THE INPUT below:

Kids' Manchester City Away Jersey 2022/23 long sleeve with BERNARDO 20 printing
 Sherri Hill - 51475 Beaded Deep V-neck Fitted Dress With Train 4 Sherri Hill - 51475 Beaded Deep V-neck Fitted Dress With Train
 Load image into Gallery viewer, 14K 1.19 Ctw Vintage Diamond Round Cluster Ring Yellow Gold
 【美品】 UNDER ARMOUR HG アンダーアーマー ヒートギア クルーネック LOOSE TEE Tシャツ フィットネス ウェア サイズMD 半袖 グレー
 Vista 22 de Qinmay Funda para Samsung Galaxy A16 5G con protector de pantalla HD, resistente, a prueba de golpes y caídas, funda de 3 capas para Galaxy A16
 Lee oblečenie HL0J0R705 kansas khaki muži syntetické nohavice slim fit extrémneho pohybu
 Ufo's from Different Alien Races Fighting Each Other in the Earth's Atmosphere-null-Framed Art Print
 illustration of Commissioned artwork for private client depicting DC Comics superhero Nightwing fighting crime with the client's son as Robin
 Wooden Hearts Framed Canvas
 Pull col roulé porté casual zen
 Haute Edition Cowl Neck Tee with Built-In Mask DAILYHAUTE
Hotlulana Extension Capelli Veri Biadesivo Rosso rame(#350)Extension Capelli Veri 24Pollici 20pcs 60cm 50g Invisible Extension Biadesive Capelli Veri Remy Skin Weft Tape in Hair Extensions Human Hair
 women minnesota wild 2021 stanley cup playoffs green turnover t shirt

End of THE INPUT.

▸ EXERCISE INSTRUCTIONS:
Look at the records above. Copy every line where the string "Framed" occurs.

▸ RESULT FOR THIS TASK:
 Ufo's from Different Alien Races Fighting Each Other in the Earth's Atmosphere-null-Framed Art Print
 Wooden Hearts Framed Canvas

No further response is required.